• **Provided records**
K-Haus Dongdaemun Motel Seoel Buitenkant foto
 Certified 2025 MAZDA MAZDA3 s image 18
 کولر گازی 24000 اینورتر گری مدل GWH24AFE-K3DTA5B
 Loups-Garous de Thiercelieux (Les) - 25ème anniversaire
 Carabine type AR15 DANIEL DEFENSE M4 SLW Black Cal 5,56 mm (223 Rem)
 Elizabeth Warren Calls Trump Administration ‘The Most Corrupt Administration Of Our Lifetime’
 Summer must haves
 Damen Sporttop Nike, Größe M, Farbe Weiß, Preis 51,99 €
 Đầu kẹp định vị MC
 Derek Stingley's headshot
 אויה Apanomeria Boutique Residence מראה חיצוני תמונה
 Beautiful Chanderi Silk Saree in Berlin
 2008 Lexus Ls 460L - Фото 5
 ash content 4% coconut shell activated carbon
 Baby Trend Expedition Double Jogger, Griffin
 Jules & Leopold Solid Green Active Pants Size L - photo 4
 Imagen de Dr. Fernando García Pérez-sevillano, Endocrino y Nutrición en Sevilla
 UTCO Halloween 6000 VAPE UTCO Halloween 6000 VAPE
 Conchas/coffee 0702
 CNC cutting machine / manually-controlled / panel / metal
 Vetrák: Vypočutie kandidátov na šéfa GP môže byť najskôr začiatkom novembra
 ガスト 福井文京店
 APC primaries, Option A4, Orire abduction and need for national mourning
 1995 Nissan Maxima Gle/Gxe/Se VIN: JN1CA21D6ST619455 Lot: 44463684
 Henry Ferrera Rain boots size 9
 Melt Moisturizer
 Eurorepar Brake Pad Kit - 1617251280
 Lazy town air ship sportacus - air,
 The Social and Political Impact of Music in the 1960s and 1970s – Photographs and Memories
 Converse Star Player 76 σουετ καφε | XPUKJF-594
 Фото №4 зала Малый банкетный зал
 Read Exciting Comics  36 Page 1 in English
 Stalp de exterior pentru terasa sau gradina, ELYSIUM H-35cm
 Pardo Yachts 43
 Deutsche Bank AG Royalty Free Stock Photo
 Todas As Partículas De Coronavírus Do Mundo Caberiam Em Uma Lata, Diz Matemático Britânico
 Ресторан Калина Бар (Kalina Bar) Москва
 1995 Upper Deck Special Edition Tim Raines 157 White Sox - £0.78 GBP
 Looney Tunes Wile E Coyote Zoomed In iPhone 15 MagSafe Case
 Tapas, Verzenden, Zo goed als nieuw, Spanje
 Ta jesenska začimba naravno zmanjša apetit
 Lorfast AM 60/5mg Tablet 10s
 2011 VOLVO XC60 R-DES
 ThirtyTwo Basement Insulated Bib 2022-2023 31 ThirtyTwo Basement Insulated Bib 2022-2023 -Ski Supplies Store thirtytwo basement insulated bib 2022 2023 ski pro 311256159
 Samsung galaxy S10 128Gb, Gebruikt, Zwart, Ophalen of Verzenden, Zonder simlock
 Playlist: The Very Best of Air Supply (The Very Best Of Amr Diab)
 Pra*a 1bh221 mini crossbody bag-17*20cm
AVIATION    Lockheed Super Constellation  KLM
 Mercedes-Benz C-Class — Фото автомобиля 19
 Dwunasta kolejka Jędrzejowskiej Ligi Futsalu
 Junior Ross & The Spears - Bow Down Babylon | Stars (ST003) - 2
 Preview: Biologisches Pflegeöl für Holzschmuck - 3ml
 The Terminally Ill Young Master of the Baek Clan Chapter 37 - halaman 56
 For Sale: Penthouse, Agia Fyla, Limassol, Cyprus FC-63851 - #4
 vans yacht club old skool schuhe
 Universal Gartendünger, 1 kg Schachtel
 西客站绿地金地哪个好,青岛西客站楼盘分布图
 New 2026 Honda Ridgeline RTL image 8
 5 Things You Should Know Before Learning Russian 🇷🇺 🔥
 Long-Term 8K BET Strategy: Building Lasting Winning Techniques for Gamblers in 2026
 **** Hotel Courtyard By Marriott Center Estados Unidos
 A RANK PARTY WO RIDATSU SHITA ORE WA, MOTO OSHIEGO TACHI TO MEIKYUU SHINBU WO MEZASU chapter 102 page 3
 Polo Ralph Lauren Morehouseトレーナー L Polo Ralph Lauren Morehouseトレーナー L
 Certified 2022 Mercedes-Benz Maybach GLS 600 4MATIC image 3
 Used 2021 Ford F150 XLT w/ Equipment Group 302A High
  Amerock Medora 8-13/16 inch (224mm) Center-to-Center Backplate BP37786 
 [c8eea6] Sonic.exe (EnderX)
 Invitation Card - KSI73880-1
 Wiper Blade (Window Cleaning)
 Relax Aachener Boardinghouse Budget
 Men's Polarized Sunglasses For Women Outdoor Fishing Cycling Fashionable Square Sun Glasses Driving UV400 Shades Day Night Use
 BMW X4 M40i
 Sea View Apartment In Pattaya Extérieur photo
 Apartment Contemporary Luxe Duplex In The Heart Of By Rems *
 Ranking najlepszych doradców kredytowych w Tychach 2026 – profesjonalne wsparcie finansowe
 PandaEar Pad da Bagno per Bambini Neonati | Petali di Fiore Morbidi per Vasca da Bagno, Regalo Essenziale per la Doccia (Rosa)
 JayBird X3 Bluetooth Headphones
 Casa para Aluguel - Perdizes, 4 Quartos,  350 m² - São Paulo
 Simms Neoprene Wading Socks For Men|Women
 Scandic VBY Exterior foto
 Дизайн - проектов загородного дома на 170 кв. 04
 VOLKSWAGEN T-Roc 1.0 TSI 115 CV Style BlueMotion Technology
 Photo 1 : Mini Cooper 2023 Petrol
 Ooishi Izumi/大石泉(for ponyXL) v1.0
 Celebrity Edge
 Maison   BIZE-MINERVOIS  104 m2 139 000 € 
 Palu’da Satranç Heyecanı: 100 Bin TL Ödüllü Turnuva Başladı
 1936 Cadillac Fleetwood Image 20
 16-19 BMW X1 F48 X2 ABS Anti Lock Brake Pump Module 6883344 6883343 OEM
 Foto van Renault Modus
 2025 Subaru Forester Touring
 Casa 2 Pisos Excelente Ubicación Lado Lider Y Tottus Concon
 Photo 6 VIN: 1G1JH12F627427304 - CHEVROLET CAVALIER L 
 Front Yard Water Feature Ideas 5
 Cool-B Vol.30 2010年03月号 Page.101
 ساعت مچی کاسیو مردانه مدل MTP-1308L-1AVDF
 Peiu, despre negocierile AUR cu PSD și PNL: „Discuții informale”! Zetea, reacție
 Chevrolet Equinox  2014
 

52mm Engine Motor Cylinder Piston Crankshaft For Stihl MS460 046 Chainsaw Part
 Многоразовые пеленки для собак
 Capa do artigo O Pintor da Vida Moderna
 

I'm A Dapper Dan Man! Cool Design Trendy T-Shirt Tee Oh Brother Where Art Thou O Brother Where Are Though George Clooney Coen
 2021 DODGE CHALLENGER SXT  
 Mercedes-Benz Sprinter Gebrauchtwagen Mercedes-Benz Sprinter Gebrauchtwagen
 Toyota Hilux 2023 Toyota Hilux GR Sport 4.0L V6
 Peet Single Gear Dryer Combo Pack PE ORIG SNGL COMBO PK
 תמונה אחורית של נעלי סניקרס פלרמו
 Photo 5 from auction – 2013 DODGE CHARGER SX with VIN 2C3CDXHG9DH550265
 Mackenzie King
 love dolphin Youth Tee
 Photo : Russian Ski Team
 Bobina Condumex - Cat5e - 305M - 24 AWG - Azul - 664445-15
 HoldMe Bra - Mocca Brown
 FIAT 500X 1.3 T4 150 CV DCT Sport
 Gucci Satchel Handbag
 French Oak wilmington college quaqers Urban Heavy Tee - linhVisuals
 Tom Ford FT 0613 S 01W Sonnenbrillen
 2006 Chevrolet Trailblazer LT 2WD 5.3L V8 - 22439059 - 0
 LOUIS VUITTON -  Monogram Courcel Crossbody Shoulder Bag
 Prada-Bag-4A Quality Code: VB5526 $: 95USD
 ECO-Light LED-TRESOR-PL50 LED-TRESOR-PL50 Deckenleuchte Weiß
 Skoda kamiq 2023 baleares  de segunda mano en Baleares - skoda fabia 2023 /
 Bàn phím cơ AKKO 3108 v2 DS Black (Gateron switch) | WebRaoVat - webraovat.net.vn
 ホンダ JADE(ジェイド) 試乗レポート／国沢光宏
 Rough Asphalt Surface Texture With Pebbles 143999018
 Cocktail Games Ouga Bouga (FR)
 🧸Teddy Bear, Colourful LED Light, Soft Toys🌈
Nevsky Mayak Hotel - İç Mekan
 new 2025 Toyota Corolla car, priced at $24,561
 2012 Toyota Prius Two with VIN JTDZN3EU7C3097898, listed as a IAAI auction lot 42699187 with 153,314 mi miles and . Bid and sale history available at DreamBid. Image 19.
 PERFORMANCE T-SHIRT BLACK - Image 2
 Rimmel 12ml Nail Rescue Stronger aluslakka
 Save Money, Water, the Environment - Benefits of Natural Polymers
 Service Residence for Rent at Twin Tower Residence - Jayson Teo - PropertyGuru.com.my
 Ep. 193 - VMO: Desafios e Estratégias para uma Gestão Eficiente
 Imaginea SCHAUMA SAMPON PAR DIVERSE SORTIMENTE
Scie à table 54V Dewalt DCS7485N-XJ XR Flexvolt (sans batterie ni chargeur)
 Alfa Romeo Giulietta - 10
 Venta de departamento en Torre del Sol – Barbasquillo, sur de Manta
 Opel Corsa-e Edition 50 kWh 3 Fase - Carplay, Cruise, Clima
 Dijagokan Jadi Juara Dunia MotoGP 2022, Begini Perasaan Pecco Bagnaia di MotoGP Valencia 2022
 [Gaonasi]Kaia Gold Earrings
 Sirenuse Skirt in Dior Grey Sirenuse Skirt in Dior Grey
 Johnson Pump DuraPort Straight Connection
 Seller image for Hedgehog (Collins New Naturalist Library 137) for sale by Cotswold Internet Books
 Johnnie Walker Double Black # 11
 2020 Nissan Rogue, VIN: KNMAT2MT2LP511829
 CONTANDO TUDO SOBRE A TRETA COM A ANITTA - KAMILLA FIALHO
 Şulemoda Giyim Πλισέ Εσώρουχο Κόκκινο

• **Action item**
Look over the listing and return each line that holds "Hotel".

• **Answer box**
 **** Hotel Courtyard By Marriott Center Estados Unidos
Nevsky Mayak Hotel - İç Mekan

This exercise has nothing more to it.